The contributors to this interesting and important volume discuss the evolution of terrorism and counterterrorism since the first historical wave of modern terrorism in the 1880s (although the first chapter by Richard Bach Jensen argues that the first wave actually started in 1905 and ended in 1914 – a point that is not addressed by the editors in their introduction). The chapters, which are written by prominent experts, cover terrorism conflicts and government responses in cases such as West Germany in the 1970s, France from 1968 to 1974, Italy in the 1970s and 1980s, Bengal, Mozambique, Chad and Libya. Also covered are Al-Qaeda’s terrorism campaigns and the United States response to terrorism. In such a selection of case studies, however, one wishes that other important cases would have been covered as well, such as Britain in Northern Ireland, Israel and the Palestinians and Sri Lanka and the Tamils. This would have shed important light on lessons learned in formulating effective counterterrorism campaigns. The concluding chapter by David Rapoport is of special interest for its discussion of his notion of the four historical waves of modern terrorism – although, disappointingly, it does not refer to the volume’s other case studies.
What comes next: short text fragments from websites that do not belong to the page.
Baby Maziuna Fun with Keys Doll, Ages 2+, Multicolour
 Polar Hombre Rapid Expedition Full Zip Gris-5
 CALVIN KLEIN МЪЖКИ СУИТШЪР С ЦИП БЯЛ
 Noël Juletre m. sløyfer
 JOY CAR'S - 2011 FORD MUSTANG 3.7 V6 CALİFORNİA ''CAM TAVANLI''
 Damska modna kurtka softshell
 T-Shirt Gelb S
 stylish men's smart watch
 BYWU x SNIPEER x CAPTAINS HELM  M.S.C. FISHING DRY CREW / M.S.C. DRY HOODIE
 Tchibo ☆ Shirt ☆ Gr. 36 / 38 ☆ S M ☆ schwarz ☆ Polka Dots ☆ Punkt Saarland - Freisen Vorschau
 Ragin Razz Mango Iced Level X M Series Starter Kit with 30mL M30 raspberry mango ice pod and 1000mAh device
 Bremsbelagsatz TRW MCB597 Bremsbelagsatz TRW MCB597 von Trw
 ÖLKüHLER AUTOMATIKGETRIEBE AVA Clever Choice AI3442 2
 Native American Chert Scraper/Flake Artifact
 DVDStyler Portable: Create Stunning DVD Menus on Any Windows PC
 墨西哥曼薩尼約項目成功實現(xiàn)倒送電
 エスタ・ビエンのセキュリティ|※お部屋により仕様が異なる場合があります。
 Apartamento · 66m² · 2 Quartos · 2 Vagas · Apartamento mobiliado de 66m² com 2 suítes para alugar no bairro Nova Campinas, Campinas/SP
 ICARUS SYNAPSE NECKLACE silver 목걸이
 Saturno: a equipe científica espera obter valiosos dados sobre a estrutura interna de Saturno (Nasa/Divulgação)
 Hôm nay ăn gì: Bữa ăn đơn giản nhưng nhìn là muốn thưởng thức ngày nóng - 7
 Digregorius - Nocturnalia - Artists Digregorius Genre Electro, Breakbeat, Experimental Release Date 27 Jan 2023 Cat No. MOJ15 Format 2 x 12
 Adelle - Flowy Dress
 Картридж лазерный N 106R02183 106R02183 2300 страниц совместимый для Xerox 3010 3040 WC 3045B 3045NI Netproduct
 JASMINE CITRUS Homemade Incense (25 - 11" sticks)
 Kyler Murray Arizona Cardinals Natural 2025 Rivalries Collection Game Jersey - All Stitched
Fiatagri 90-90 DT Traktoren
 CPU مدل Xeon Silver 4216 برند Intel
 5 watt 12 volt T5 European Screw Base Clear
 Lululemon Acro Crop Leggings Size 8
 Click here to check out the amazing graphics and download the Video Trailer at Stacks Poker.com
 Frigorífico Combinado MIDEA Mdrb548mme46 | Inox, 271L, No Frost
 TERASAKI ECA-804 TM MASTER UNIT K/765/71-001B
Stig Jarle Hansen, Al-Shabaab in Somalia: The History and Ideology of a Militant Islamist Group, 2005-2012 (New York, NY: Columbia University Press, 2013), 208 pages, $33.75. ISBN: 978-0-231-70398-7 [hardcover].

This is a comprehensive and detailed examination of al Shabaab, the preeminent terrorist organisation in Somalia. The author, a Norwegian academic who has conducted extensive field work in Somalia, discusses how al Shabaab began as an offshoot of the Islamic Courts Union and became an Al-Qaeda affiliate. Al Shabaab’s organizational success, the author writes, is due to its close links to local clan structures, to Somali clans in Kenya, and to diaspora Somali clans in Europe and America, from whom it recruits its “foreign fighters.” The book would have benefited from a chapter on the counter-measures by the Somali government (however weak) against it, as well as the measures by Western governments to monitor the activities of diaspora Somalis who travel to Somalia to fight for al Shabaab.

Jennifer L Hesterman, The Terrorist-Criminal Nexus: An Alliance of International Drug Cartels, Organized Crime, and Terror Groups (Boca Raton, FL: CRC Press, 2013), 351 pages, $69.95. ISBN: 978-1-4665-5761-1 [hardcover].

In this important study of the convergence between terrorist and criminal organizations, the author demonstrates how these organisations operate with a sophistication that is usually associated with multinational corporations, although, unlike legitimate businesses, their operations are clandestine and criminal in nature. The author, a retired U.S. Air Force Colonel, and an expert on national security, is well placed to examine how these issues intersect through the case studies of Al-Qaeda, Hezbollah, FARC, drug cartels, violent gangs, as well as domestic U.S. groups such as the Sovereign Citizens.

Johnson, Daryl, Right-Wing Resurgence: How a Domestic Terrorist Threat is Being Ignored (Lanham, MD: Rowman & Littlefield, 2012), 422 pages, $45.00. ISBN: 978-1-4422-1896-3 [hardcover].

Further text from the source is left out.